> **WORK ITEM**:
Every line from the one with "myntra.com Mufti Men" to the one with "12B.1 and Exhibit", including those two, is to be copied exactly; all other lines of the entries below are left out.

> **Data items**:
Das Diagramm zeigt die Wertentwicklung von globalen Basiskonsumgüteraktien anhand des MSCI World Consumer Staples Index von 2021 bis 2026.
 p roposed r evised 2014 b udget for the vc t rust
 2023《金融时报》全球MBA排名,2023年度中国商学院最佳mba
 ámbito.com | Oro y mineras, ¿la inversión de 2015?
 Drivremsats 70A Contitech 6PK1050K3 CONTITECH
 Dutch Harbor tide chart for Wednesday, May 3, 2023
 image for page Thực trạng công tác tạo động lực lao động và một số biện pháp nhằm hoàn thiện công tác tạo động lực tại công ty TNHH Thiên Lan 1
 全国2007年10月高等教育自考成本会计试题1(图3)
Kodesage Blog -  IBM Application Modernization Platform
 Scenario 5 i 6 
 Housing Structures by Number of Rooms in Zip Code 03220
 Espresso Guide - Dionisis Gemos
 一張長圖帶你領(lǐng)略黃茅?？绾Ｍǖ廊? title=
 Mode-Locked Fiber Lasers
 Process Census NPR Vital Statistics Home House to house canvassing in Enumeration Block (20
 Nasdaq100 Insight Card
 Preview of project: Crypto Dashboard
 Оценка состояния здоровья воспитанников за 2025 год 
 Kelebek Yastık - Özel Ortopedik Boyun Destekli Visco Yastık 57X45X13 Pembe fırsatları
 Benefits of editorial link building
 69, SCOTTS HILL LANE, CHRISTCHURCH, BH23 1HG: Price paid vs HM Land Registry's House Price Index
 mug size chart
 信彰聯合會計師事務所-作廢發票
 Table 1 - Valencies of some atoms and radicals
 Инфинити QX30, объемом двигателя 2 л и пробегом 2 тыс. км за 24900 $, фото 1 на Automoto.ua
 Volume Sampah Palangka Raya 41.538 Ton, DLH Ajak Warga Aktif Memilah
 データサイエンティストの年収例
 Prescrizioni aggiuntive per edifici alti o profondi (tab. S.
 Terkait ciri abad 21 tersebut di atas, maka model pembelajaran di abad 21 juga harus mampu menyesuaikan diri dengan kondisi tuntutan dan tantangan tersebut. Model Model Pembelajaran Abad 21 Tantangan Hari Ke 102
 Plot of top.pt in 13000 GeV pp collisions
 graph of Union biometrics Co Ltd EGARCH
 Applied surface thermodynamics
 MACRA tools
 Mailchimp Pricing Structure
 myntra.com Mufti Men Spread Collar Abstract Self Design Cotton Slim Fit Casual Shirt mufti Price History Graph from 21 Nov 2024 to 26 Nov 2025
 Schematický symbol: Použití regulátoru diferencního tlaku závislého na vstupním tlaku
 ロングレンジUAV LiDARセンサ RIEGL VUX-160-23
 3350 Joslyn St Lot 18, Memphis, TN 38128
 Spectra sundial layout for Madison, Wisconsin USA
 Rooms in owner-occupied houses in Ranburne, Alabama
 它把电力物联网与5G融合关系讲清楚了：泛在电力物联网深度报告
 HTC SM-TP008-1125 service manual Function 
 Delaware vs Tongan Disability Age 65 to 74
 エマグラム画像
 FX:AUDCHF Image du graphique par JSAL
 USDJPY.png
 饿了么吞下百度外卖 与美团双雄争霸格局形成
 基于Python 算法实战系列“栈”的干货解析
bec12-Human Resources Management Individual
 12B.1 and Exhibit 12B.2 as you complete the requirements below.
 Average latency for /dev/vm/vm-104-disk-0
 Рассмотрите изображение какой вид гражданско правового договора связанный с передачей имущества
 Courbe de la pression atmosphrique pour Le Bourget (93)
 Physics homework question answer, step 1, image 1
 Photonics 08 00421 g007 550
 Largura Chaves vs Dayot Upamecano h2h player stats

> **TASK SOLUTION**:
 myntra.com Mufti Men Spread Collar Abstract Self Design Cotton Slim Fit Casual Shirt mufti Price History Graph from 21 Nov 2024 to 26 Nov 2025
 Schematický symbol: Použití regulátoru diferencního tlaku závislého na vstupním tlaku
 ロングレンジUAV LiDARセンサ RIEGL VUX-160-23
 3350 Joslyn St Lot 18, Memphis, TN 38128
 Spectra sundial layout for Madison, Wisconsin USA
 Rooms in owner-occupied houses in Ranburne, Alabama
 它把电力物联网与5G融合关系讲清楚了：泛在电力物联网深度报告
 HTC SM-TP008-1125 service manual Function 
 Delaware vs Tongan Disability Age 65 to 74
 エマグラム画像
 FX:AUDCHF Image du graphique par JSAL
 USDJPY.png
 饿了么吞下百度外卖 与美团双雄争霸格局形成
 基于Python 算法实战系列“栈”的干货解析
bec12-Human Resources Management Individual
 12B.1 and Exhibit 12B.2 as you complete the requirements below.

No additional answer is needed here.